**What this task involves:** Set down, exactly as written, every line from the top of the records below to the line containing "Embroidered flowers and", both ends included, and no others.

(Beginning of Given records)

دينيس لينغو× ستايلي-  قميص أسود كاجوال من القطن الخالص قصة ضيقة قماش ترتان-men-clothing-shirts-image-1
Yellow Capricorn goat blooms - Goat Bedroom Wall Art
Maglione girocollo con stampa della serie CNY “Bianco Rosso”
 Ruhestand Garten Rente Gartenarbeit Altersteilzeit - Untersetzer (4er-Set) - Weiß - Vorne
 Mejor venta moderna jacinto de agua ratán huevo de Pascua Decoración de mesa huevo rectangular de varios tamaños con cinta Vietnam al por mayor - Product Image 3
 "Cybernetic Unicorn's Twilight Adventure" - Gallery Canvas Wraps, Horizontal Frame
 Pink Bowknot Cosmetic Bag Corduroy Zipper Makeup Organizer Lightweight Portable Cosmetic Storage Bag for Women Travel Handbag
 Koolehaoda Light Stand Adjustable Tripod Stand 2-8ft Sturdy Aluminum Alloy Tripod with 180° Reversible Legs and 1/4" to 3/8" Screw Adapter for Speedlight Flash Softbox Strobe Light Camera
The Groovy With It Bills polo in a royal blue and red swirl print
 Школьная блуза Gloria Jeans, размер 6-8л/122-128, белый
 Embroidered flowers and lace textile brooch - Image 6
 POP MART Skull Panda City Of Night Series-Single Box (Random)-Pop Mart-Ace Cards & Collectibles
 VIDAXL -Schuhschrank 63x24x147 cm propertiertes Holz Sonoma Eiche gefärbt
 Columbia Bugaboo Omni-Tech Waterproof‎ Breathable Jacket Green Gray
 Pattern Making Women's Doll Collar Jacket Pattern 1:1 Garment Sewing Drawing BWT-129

(End of Given records)

**Output of the task:**
دينيس لينغو× ستايلي-  قميص أسود كاجوال من القطن الخالص قصة ضيقة قماش ترتان-men-clothing-shirts-image-1
Yellow Capricorn goat blooms - Goat Bedroom Wall Art
Maglione girocollo con stampa della serie CNY “Bianco Rosso”
 Ruhestand Garten Rente Gartenarbeit Altersteilzeit - Untersetzer (4er-Set) - Weiß - Vorne
 Mejor venta moderna jacinto de agua ratán huevo de Pascua Decoración de mesa huevo rectangular de varios tamaños con cinta Vietnam al por mayor - Product Image 3
 "Cybernetic Unicorn's Twilight Adventure" - Gallery Canvas Wraps, Horizontal Frame
 Pink Bowknot Cosmetic Bag Corduroy Zipper Makeup Organizer Lightweight Portable Cosmetic Storage Bag for Women Travel Handbag
 Koolehaoda Light Stand Adjustable Tripod Stand 2-8ft Sturdy Aluminum Alloy Tripod with 180° Reversible Legs and 1/4" to 3/8" Screw Adapter for Speedlight Flash Softbox Strobe Light Camera
The Groovy With It Bills polo in a royal blue and red swirl print
 Школьная блуза Gloria Jeans, размер 6-8л/122-128, белый
 Embroidered flowers and lace textile brooch - Image 6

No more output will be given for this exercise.